Sus primeras obras (Dos ensayos de
poesía, 1858, Primeras poesías, 1859, la novela Isis,
1862), con poco o ningún éxito, desorientan sobre lo que será su producción
posterior una vez hubo conocido a los poetas simbolistas Charles Baudelaire (1859) y Stéphane Mallarmé (1864),
tras quedar asimismo fascinado por la filosofía de Hegel. El 28 de agosto
de 1862 sus padres lo obligaron a permanecer un tiempo en la abadía de
Solesmes, donde estuvo recluido hasta el 20 de septiembre. En 1863 se une a
una demi-mondaine o alta cortesana Louise Dyonnet, madre de
dos hijos, y permaneció quince días en Solesmes, donde volvió a ver a Louis Veuillot. En 1864, tras
romper con Louise Dyonnet, conoció a Gustave Flaubert y amistó con Stephane
Mallarmé. En 1866 colaboró en Le Parnasse Contemporain y en
1867 fundó la Revue des Lettres et des Arts y escribió
"El Intersigno", el primero de sus Cuentos crueles.
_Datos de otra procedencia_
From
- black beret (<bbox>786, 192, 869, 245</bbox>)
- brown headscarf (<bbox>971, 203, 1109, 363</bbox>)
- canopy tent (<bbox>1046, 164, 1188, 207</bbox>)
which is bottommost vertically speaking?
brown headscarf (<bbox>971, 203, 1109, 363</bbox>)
Sus intentos de conseguir pareja
conveniente y estable fueron fracasando sucesivamente. En 1867, pidió a Théophile Gautier la
mano de su hija Estelle, pero el escritor, que había dado la espalda a sus años
de bohemia, no dejó que su hija casara con un escritor con tan poco futuro,
fuera de que la propia familia de Villiers desaprobaba también esa unión.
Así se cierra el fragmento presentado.